%%

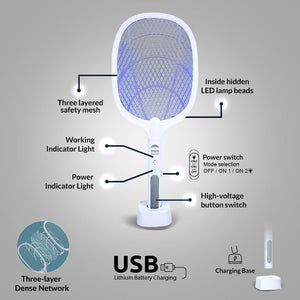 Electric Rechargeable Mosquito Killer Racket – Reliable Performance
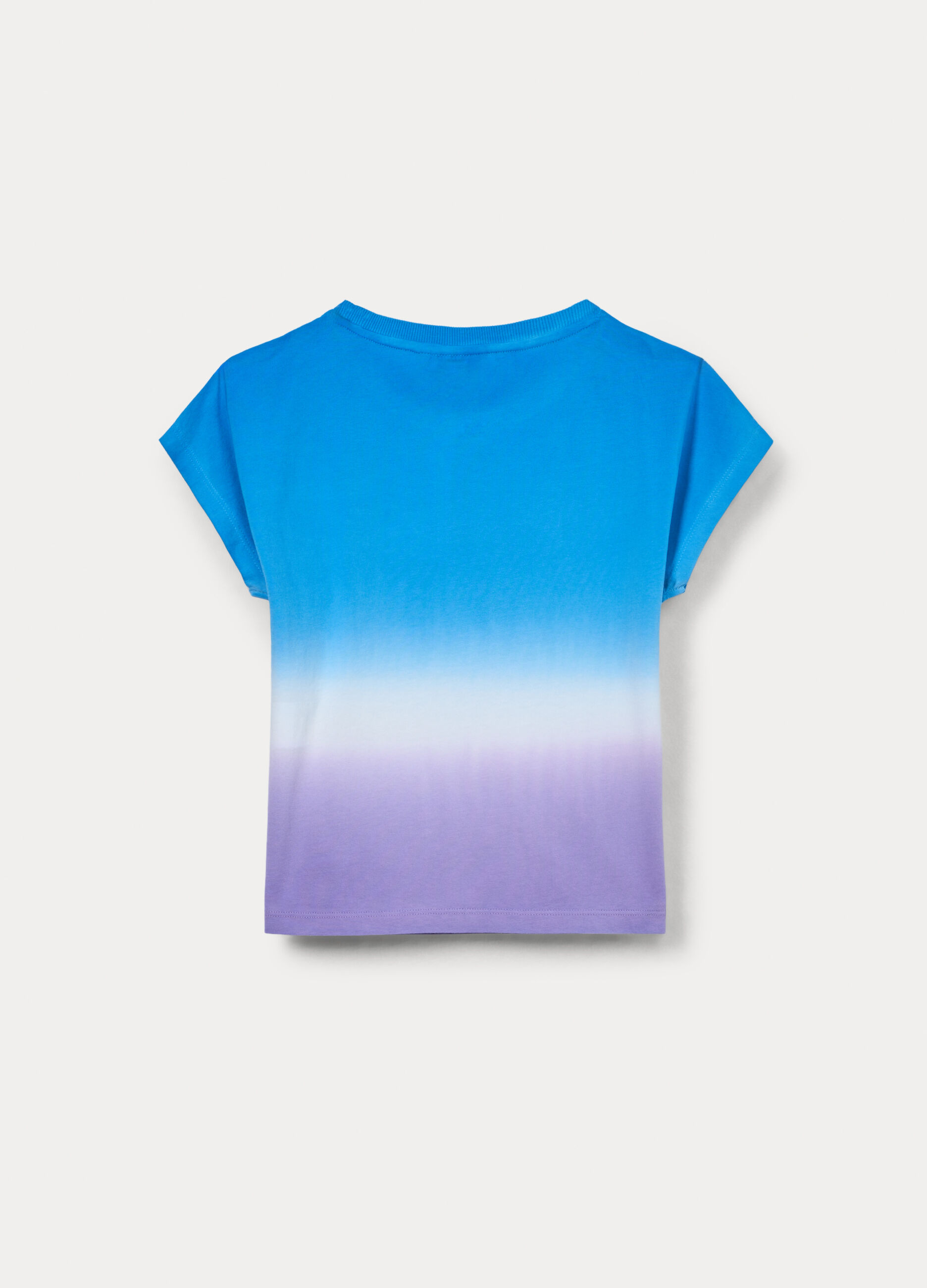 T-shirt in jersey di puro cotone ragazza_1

%%
%%

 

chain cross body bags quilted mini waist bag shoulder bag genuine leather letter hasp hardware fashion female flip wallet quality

%%

The lines to copy exactly start with the line above that has "Electric Rechargeable Mosquito" and go on through the line that has "T-shirt in jersey di puro cotone ragazza_1"; please include both, add nothing else, and omit the pictures.

 Electric Rechargeable Mosquito Killer Racket – Reliable Performance
 T-shirt in jersey di puro cotone ragazza_1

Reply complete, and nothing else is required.